# EXERCISE DESCRIPTION:
Go through the entries one line at a time, and gather every line that has the word "what".

# SUPPLIED INFORMATION:
----
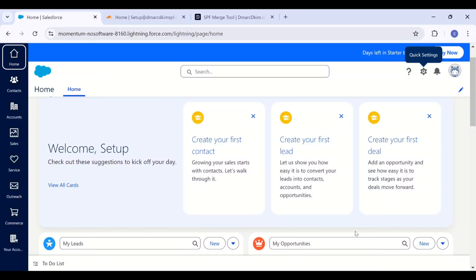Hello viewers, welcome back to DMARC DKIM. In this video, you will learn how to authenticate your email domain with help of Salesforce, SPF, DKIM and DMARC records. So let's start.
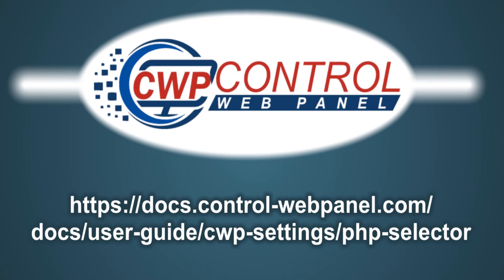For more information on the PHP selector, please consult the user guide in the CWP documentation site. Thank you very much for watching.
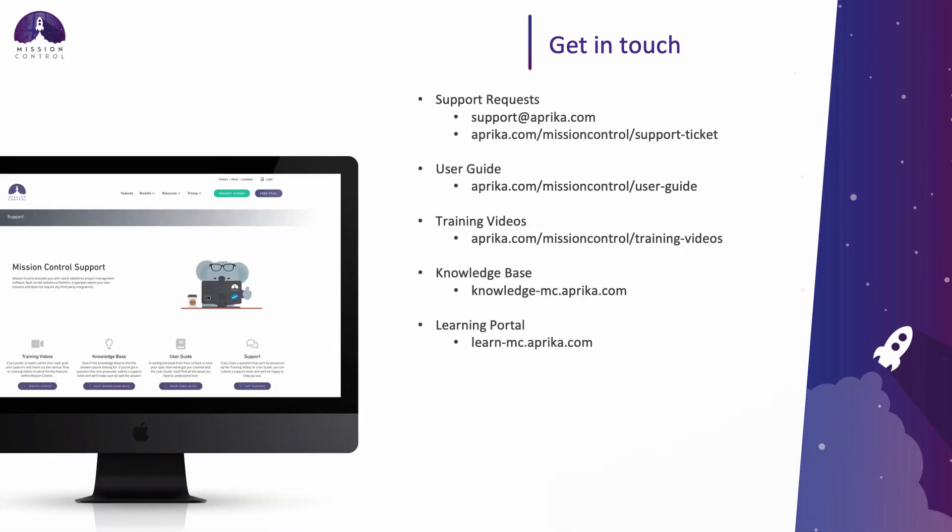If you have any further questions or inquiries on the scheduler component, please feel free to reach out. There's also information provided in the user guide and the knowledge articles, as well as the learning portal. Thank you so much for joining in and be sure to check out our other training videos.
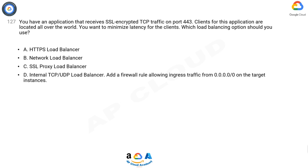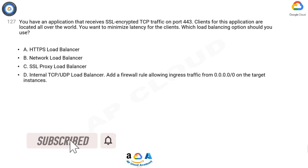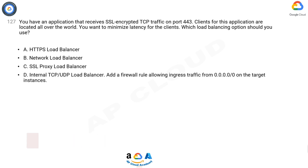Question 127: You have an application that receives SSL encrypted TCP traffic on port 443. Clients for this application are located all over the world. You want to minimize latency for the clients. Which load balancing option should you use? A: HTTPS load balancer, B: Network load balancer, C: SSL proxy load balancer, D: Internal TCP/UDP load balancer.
----
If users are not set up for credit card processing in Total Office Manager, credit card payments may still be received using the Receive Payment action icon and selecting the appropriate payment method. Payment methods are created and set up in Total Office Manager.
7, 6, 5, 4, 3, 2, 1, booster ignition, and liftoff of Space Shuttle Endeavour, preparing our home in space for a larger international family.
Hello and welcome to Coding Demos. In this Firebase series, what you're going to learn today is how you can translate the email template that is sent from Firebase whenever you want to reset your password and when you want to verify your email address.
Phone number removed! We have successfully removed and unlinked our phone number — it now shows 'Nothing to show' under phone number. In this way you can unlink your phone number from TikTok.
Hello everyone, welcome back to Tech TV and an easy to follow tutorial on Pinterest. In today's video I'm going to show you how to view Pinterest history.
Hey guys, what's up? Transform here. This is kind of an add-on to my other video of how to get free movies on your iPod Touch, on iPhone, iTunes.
----
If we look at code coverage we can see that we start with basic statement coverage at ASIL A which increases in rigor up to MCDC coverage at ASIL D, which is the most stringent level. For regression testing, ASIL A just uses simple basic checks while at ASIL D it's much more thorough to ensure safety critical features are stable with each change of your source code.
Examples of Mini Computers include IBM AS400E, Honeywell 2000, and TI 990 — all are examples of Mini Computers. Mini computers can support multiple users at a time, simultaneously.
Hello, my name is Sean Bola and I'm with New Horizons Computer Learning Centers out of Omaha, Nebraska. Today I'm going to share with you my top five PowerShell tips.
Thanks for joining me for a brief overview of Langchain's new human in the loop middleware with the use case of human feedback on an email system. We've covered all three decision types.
----
# RESULT FOR THIS EXERCISE:
Hello and welcome to Coding Demos. In this Firebase series, what you're going to learn today is how you can translate the email template that is sent from Firebase whenever you want to reset your password and when you want to verify your email address.
Hey guys, what's up? Transform here. This is kind of an add-on to my other video of how to get free movies on your iPod Touch, on iPhone, iTunes.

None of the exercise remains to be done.